DataFrame + distributed + secede

I have a Dask task that looks a bit like this:

# do some setup work
df = df.apply().persist()
return df

So the idea is that the task submits a large number of jobs via apply(), but doesn’t actually return until all those jobs are complete.

However this causes a deadlock, because it schedules some of the apply jobs on the same worker as the parent task. And the parent process is waiting for the child before it completes, but the child process can’t start because the worker is “processing” the parent.

So this seems like the exact scenario described here in the docs. So it’s evident to me that I need to secede() and rejoin() somewhere. However, it’s not clear to me where I should put these function calls, given that I’m using the higher-level DataFrame wrapper. Should I run secede() before or after persist()? What about rejoin()?

So from trial and error, it seems like you have to do this:

result = df.apply().persist()

Every other order seems to cause a deadlock for reason I can’t entirely explain.

1 Like

@multimeric Thanks for the question!

I’m not entirely sure about this, is your workflow actually launching tasks from tasks? I’m asking becuase it could be something else in the workflow, or it could also be a bug. Would you be able to share a reproducible example? I’d be happy to try it out and help confirm/debug.

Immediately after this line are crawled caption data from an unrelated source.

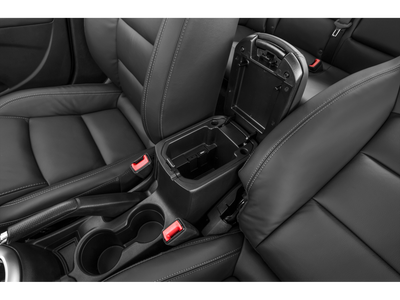 2015 Chevrolet Cruze LS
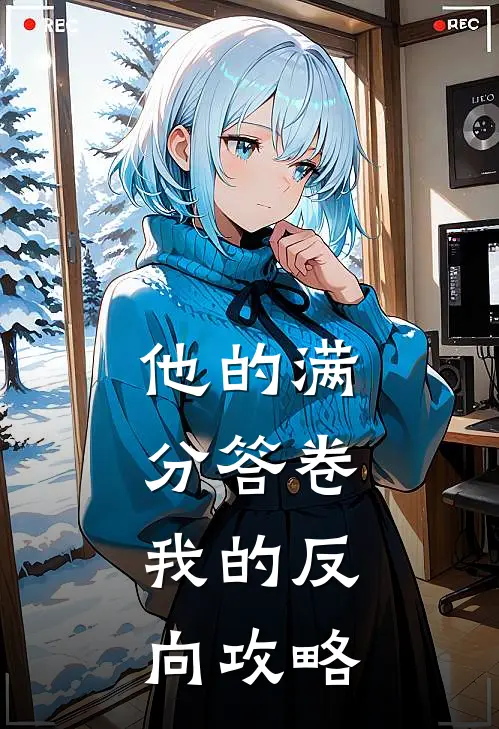 他的满分答卷，我的反向攻略林栀赵明宇完结小说_完结版小说全文免费阅读他的满分答卷，我的反向攻略林栀赵明宇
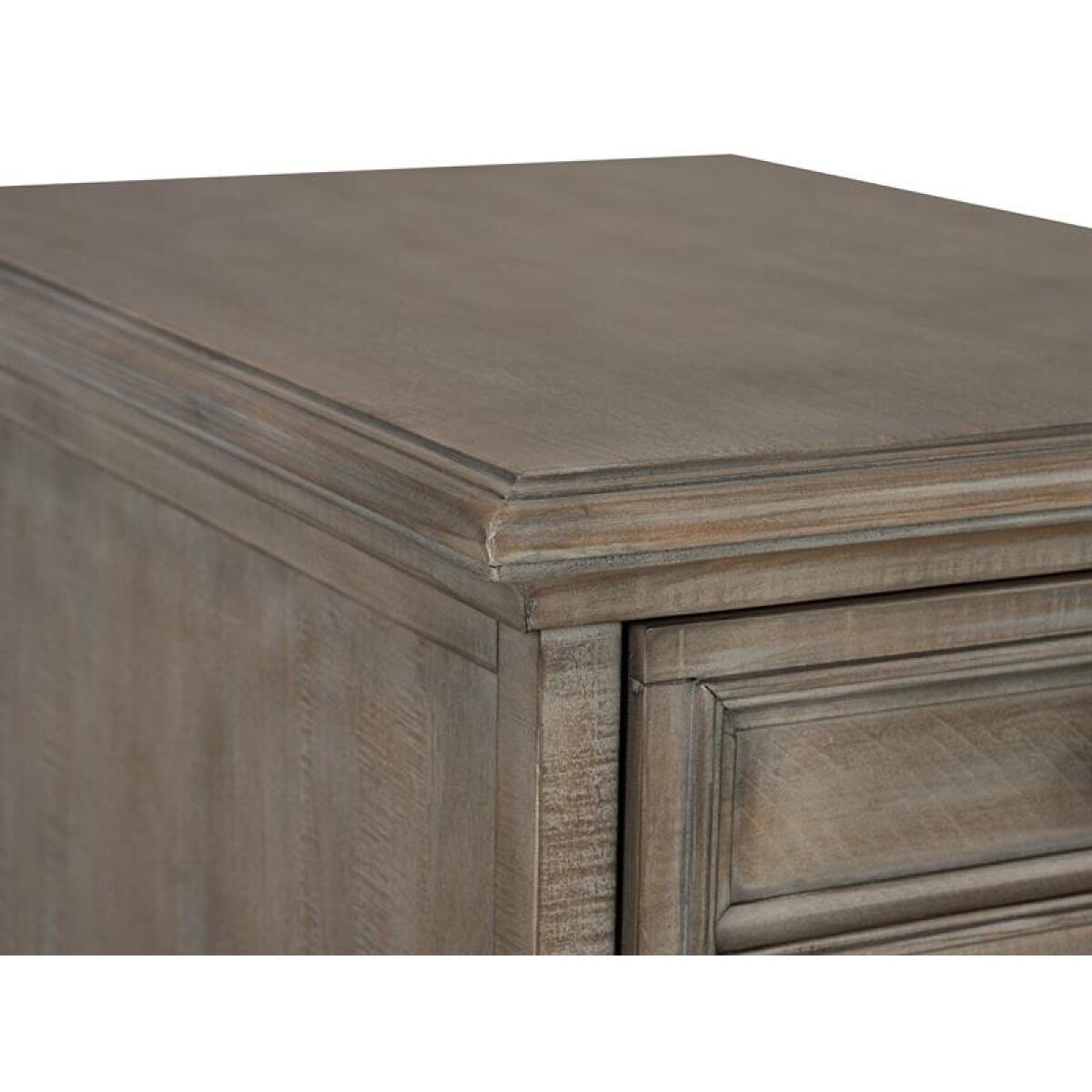 Lancaster Rectangular End Table - Image 13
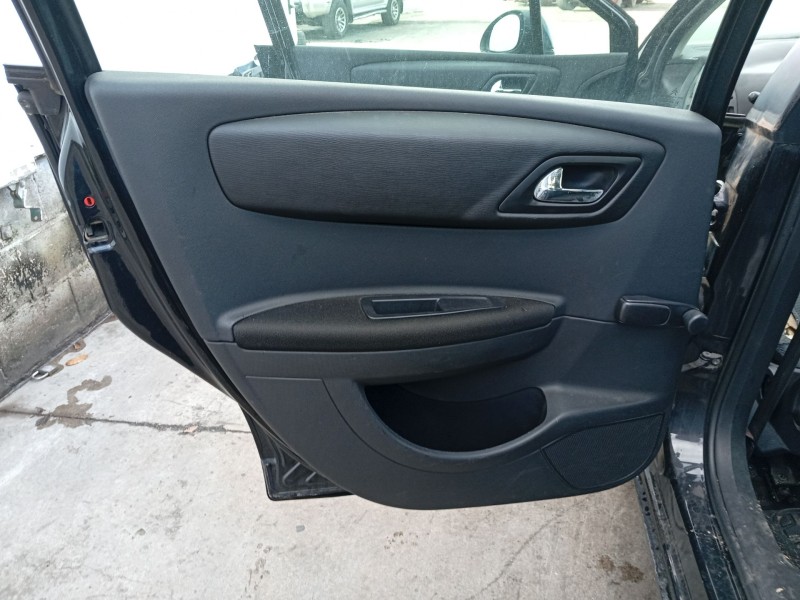 citroën c4 i (lc_) del año 2006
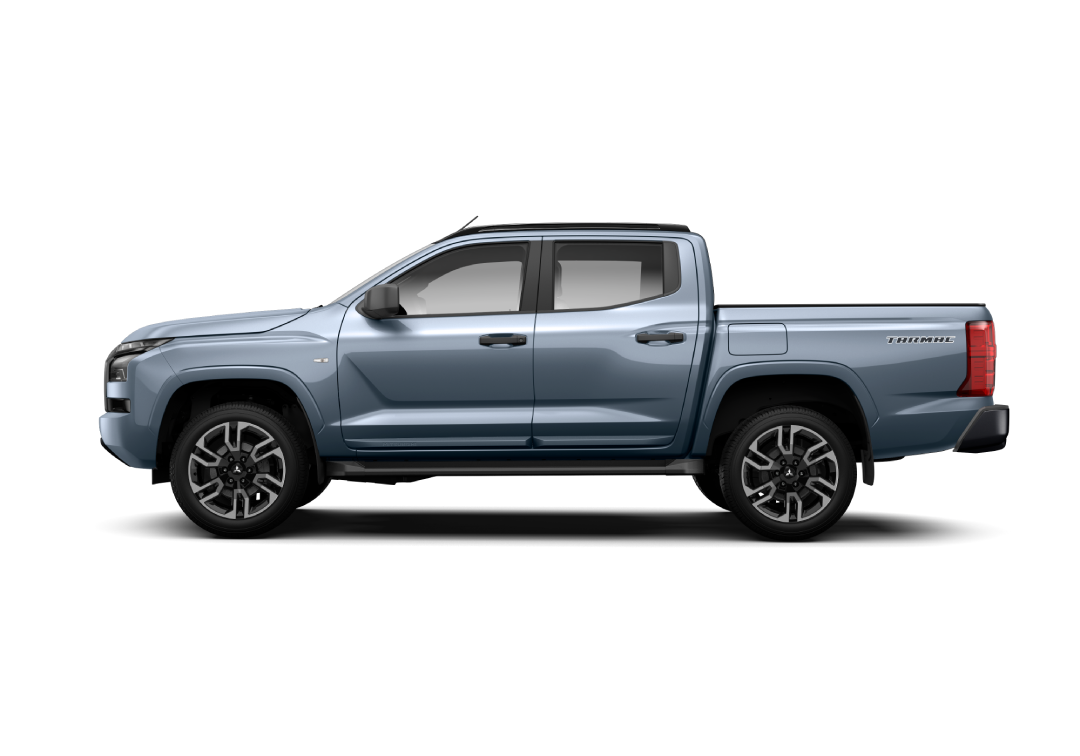 Nova Triton - Azul Tarmac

Since you’re using secede+rejoin, I’d also suggest looking at these docs if you haven’t already. Especially the worker_client context manager: Launch Tasks from Tasks — Dask.distributed 2022.5.0 documentation

Okay, I can actually reproduce this locally. If you run this, the whole cluster gets into a deadlock and processes nothing.

import time
import dask.dataframe as dd
import pandas as pd
from dask.distributed import Client, wait

def apply(row):
    print(f"Applying {row}")

def parent_task(df):
    print(f"Running parent task")
    fut = df.apply(apply, axis=1, meta=("foo", bool)).persist()

if __name__ == "__main__":
    client = Client(n_workers=1, threads_per_worker=1)
    df = pd.DataFrame({"a": range(100)}).pipe(dd.from_pandas, npartitions=20)
    fut = client.submit(parent_task, df)

You might say this is caused by only having 1 worker, and it is, but in my real life example which involves dask_jobqueue, I have several workers, but it assigns tasks to the same worker as the parent task, and doesn’t redistribute the tasks so this still happens. So any mechanism that stops tasks from being redistributed will cause this.

@multimeric Thank you for sharing an example. You’re right that this is a deadlock and we do need to use secede+rejoin as you’ve done. Your usage is also accurate. :smile:

@multimeric may I ask what causes the need to call wait() inside a task? This is something we’re planning to redesign and we would like to collect people’s use cases.

Also, unless there is something else holding a reference to the persisted dataset by the time your function returns, you will lose your data if for any reason at any moment the task output is spilled or moved to another worker. You should use publish_dataset to prevent it.

1 Like

Yeah so I was using wait() because I wanted to trigger the computation on a per-task basis. If I didn’t do this, the workflow would be a chain of lazy task definitions that only evaluate at the very end of the workflow. Now technically this is ideal, because it lets everything get optimised, but I’m using Prefect (which wraps around Dask), and if I don’t trigger the computation per parent task, I won’t get to checkpoint (save artifacts for) my workflow, and from a Prefect perspective it would mean that all of the first $n-1$ tasks take 1 second to run, and the last task takes several days, which is very weird to reason with.

In the end I removed the wait() but instead I replaced it by .to_parquet(), because it’s something I needed to do anyway as part of the checkpointing, because it triggers computation in the same way as wait(), but for some reason doesn’t cause a deadlock.

That said, I’m somewhat thinking of dropping Prefect and just using Dask directly, just because it doesn’t really offer much on top of Dask, except checkpointing, but that’s easy enough to implement as a utility function or something.

Let me know if you need any clarifications.